Dataset records

......

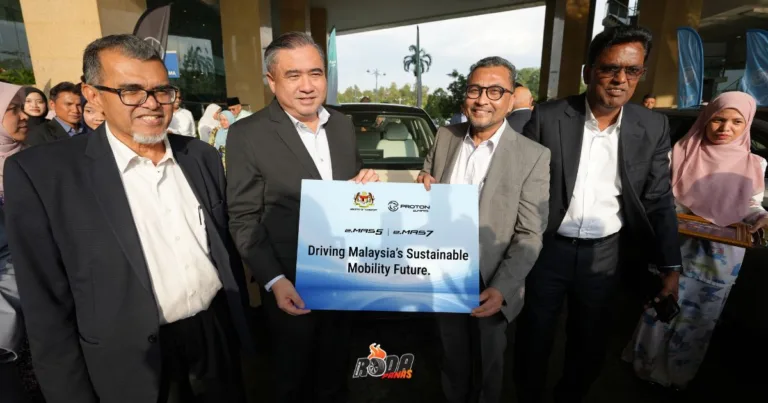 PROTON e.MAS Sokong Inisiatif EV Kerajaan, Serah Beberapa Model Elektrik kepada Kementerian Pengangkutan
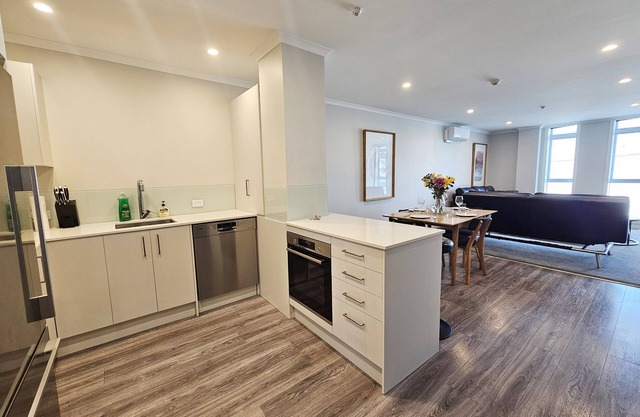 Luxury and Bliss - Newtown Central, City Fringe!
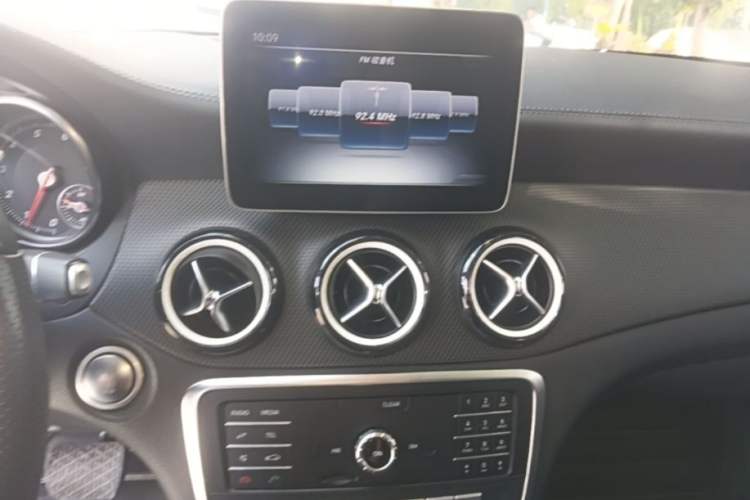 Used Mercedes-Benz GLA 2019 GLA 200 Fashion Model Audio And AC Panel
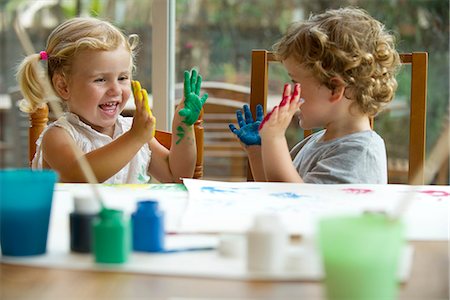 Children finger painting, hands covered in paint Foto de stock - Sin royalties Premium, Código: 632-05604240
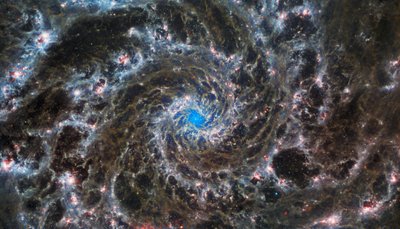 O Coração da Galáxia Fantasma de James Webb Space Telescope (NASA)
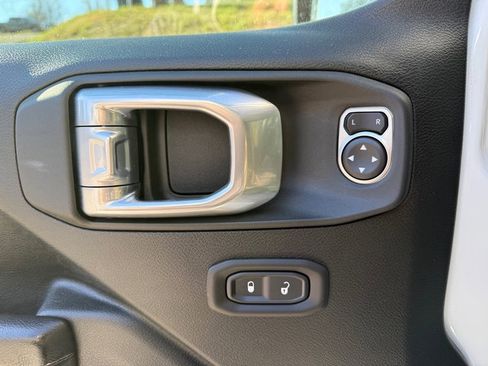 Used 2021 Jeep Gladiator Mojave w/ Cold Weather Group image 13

......

Give back each line above exactly, with pictures dropped.

Result of the task
 PROTON e.MAS Sokong Inisiatif EV Kerajaan, Serah Beberapa Model Elektrik kepada Kementerian Pengangkutan
 Luxury and Bliss - Newtown Central, City Fringe!
 Used Mercedes-Benz GLA 2019 GLA 200 Fashion Model Audio And AC Panel
 Children finger painting, hands covered in paint Foto de stock - Sin royalties Premium, Código: 632-05604240
 O Coração da Galáxia Fantasma de James Webb Space Telescope (NASA)
 Used 2021 Jeep Gladiator Mojave w/ Cold Weather Group image 13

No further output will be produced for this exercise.